Teknologi Satelit dan AI dalam Deteksi Deforestasi di Indonesia

Upaya pemerintah Indonesia dalam mencegah deforestasi semakin kuat dengan penggunaan teknologi canggih berbasis satelit dan kecerdasan buatan (AI). Inisiatif ini merupakan bagian dari strategi deteksi dini untuk merespons perubahan kawasan hutan dengan lebih efisien dan akurat.

Direktur Inventarisasi dan Pemantauan Sumber Daya Hutan, R. Agus Budi Santosa, mengungkapkan bahwa penggunaan AI telah meningkatkan kemampuan pemantauan hutan secara signifikan. “AI digunakan untuk mendeteksi deforestasi dengan tingkat kepercayaan 82 persen. Teknologi ini akan diintegrasikan ke dalam sistem peringatan dini deforestasi agar dapat segera ditindaklanjuti,” ujarnya dilansir dari Kantor Berita Antara.

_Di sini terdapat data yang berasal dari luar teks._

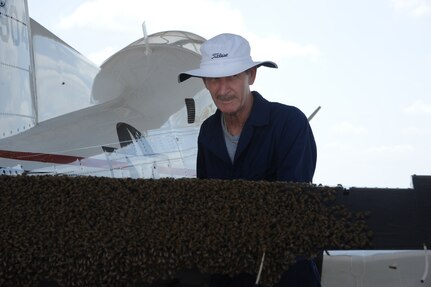 Steve Kelly, 902nd Civil Engineer Squadron entomology section, examines a swarm of bees on the flap of a T-6 Texan II aircraft on the flightline at Joint Base San Antonio-Randolph, Texas, June 13. (U.S. Air Force photo by Rich McFadden)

Dengan sistem ini, pemerintah bisa memonitor deforestasi secara lebih rinci, meningkatkan cakupan dari 6,25 hektare menjadi 1 hektare. Alhasil, perubahan pada kawasan hutan dapat terdeteksi lebih tepat dan cepat diatasi. Data dari Kementerian Kehutanan menunjukkan bahwa tren deforestasi di Indonesia dalam empat tahun terakhir mengalami fluktuasi. Pada 2021, luas deforestasi tercatat 113,5 ribu hektare, menurun pada 2022 menjadi 104 ribu hektare, namun meningkat lagi pada 2023 hingga mencapai 121,1 ribu hektare. Angka ini memuncak pada 2024 dengan 175,4 ribu hektare, sebagian besar disebabkan oleh karhutla.

Dampak dari deforestasi yang tidak terkontrol sangat besar bagi ekosistem. Ada tiga dampak utama: mengancam spesies endemik, mengganggu ekologi, dan meningkatkan risiko bencana hidrometeorologi. Dengan dukungan teknologi, pemerintah menargetkan deteksi dan penanganan deforestasi secara lebih cepat dan berkelanjutan untuk menjaga keseimbangan alam.

Namun, kolaborasi antara pemerintah dan masyarakat sangat diperlukan untuk memperkuat perlindungan hutan. Pemerintah mengimbau masyarakat untuk berpartisipasi dalam menjaga hutan melalui reboisasi dan laporan aktivitas mencurigakan di hutan kepada pihak berwenang.